In January 2012, the Department petitioned to terminate Williams's parental
rights. In September 2012, following a three-day bench trial, the court entered an order
terminating Williams's parental rights. Williams appeals.
ANALYSIS
Because parental rights are protected by the United States Constitution,
"termination of parental rights should be allowed 'only for the most powerful [of]
reasons.'" In re Termination of S.J.. 162 Wn. App. 873, 880, 256 P.3d 470 (2011)
(alteration in original) (internal quotation marks omitted) (quoting In re Welfare of A.J.R..
78 Wn. App. 222, 229, 896 P.2d 1298 (1995)).
To terminate the parent-child relationship, the Department must satisfy two
prongs.

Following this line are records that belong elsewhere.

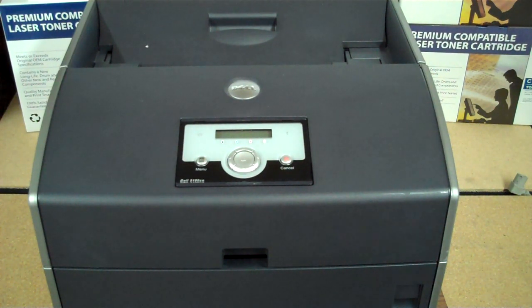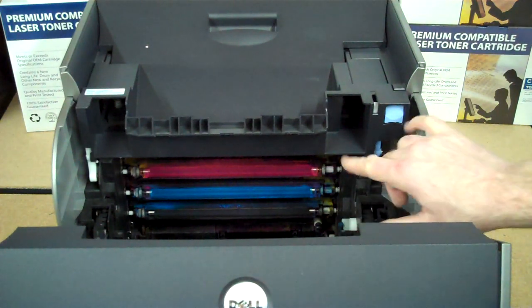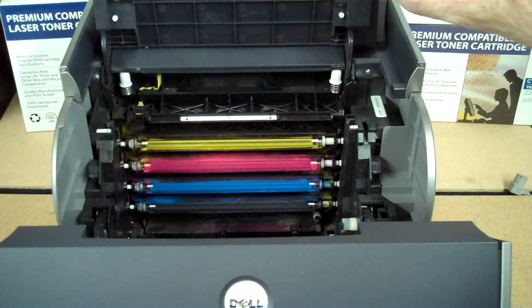This is a premiumcompatibletoner.com how-to on installing your new drum unit into a Dell 5100CN printer. First, we'll access the inside of the machine by opening the front cover, and we'll access the top of the machine by pressing this blue button to open the top.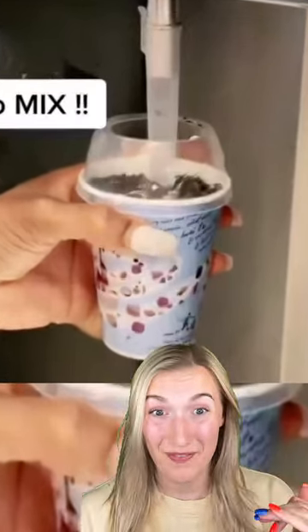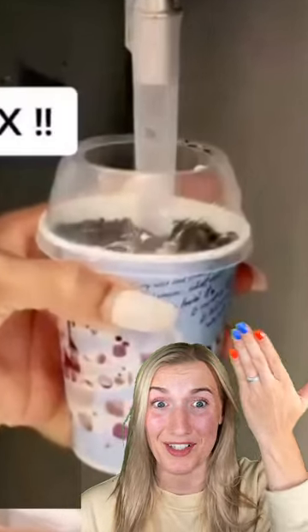McDonald's was smart — they didn't want their employees to clean the beater on the McFlurry machine every single time they made one. So McDonald's decided they were going to reinvent the spoon and make it work like a mixer as well.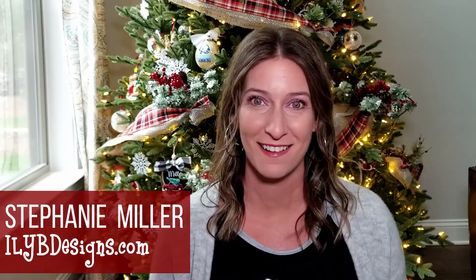Hey guys, welcome back to my channel. I'm Stephanie Miller with ioyvdesigns.com.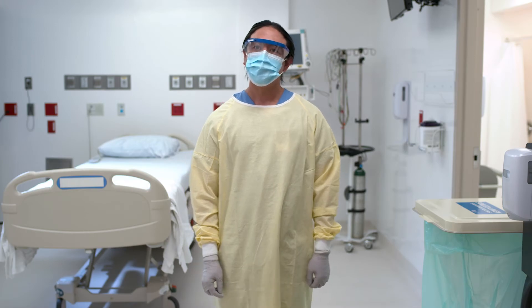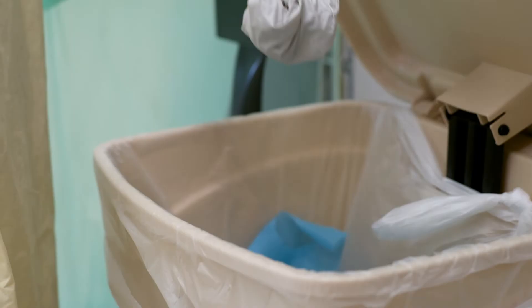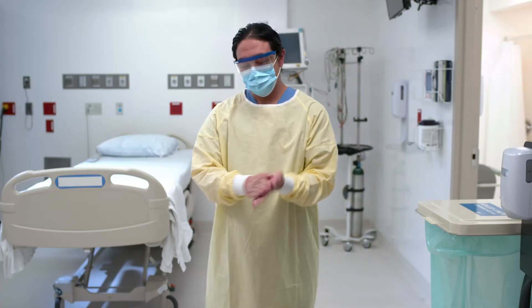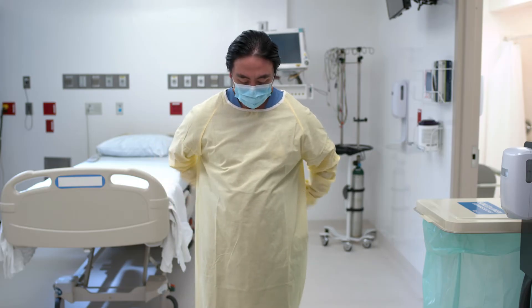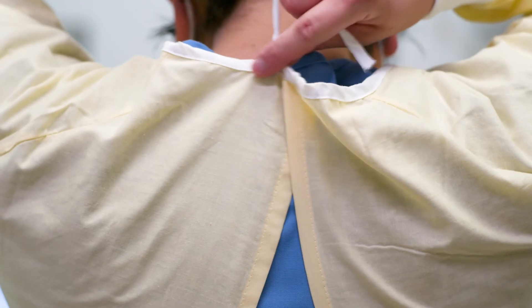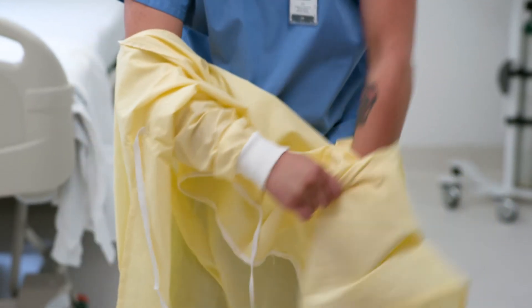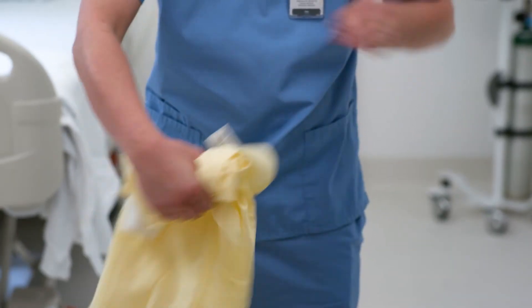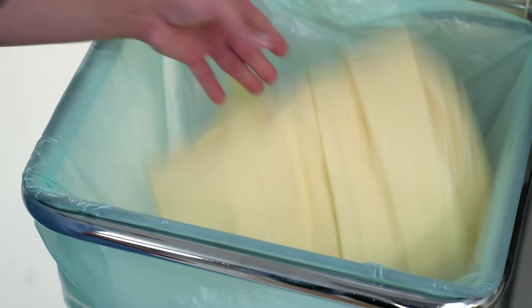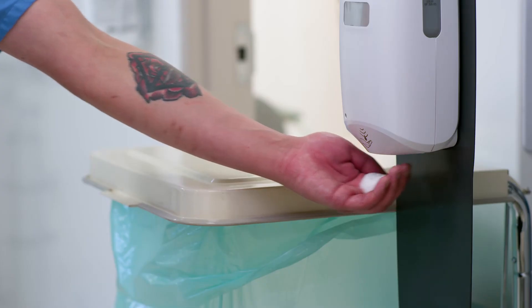Let us also show you how to remove reusable gowns. For reusable gowns, the order of doffing is slightly different. First, remove gloves and perform hand hygiene. Then remove goggles or face shield. Unfasten gown ties or snaps, taking care that sleeves don't contact your body when reaching for ties. Pull the gown away from the neck and shoulders, touching the inside of the gown only. Turn the gown inside out, fold or roll into a bundle, and place into a designated receptacle for reprocessing. Next, remove the mask or respirator. And last, hand hygiene.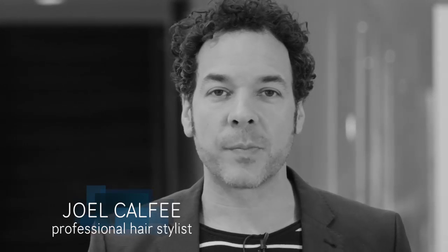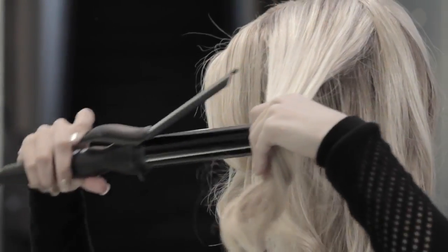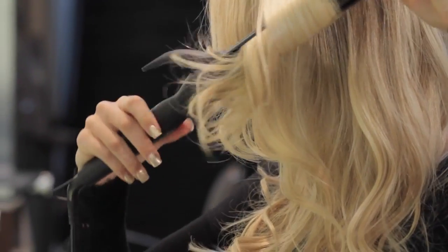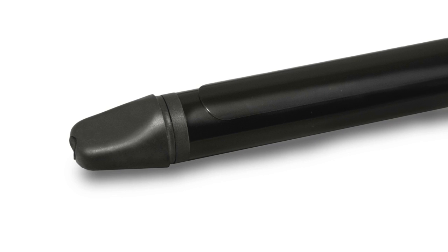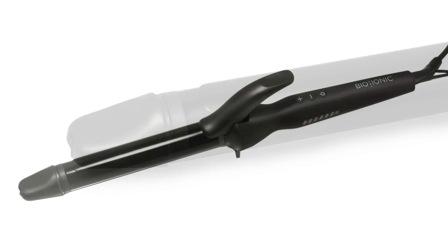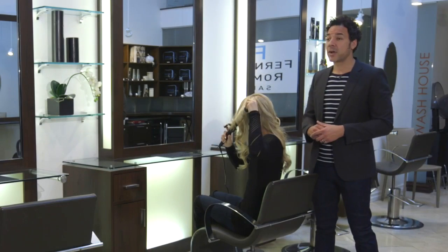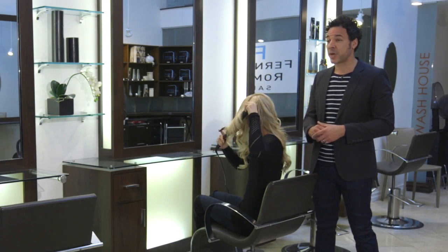One of the most anticipated tools from Bio Ionic are the new long barrel stylers. They come in two sizes, one inch and an inch and a quarter, and are two inches longer than average irons. This allows you to take bigger sections and fit longer hair onto the entire barrel, so you can get faster beach waves, faster curls, and plenty of body.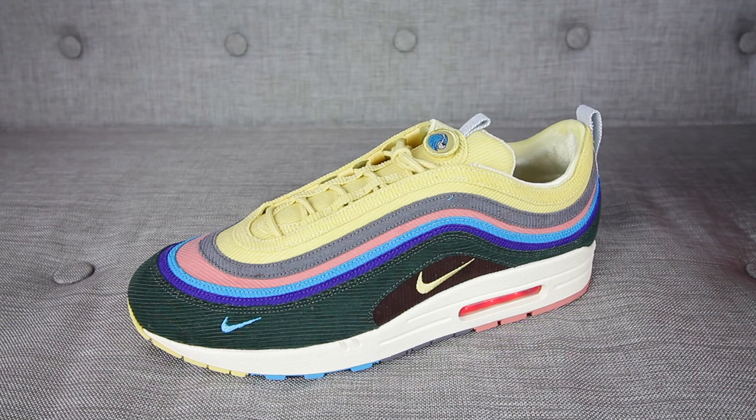The sneaker you've all been waiting for — Sean Weatherspoon's Nike Air Max 97.1.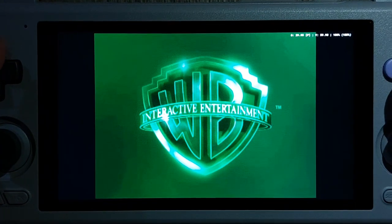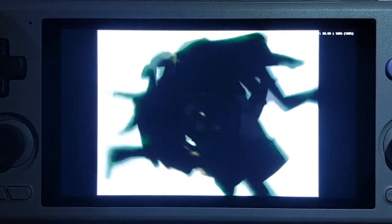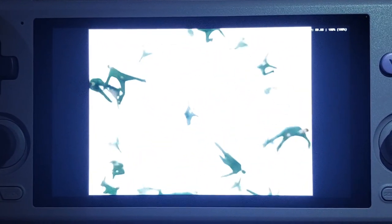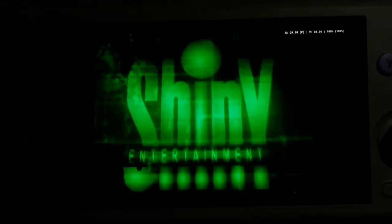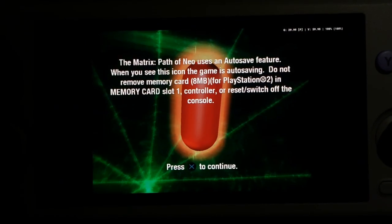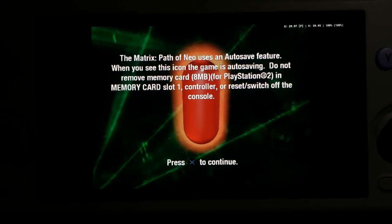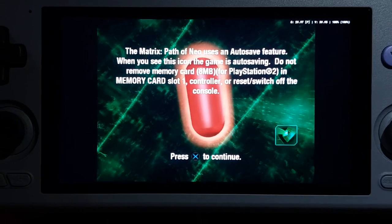I'm not sure how popular the Matrix franchise is, but the first movie was really good, right? You can say what you want about the second and third films and the forgettable fourth film, but the first film was just so good that even if you watch it today, I think it's still going to be good. Which is why I think this game still has plenty of fans. This is based on the first film.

First, it must prove the following criteria by clear, cogent, and convincing
evidence:
(a) That the child has been found to be a dependent child;
(b) That the court has entered a dispositional order pursuant to RCW
13.34.130;
(c) That the child has been removed or will, at the time of the hearing,
have been removed from the custody of the parent for a period of at least six
months pursuant to a finding of dependency;
(d) That the services ordered under RCW 13.34.136 have been expressly
and understandably offered or provided and all necessary services, reasonably
available, capable of correcting the parental deficiencies within the foreseeable
future have been expressly and understandably offered or provided;
(e) That there is little likelihood that conditions will be remedied so that the
child can be returned to the parent in the near future. . . . ; [and]
(f) That the continuation of the parent and child relationship clearly
diminishes the child's prospects for early integration into a stable and permanent
home.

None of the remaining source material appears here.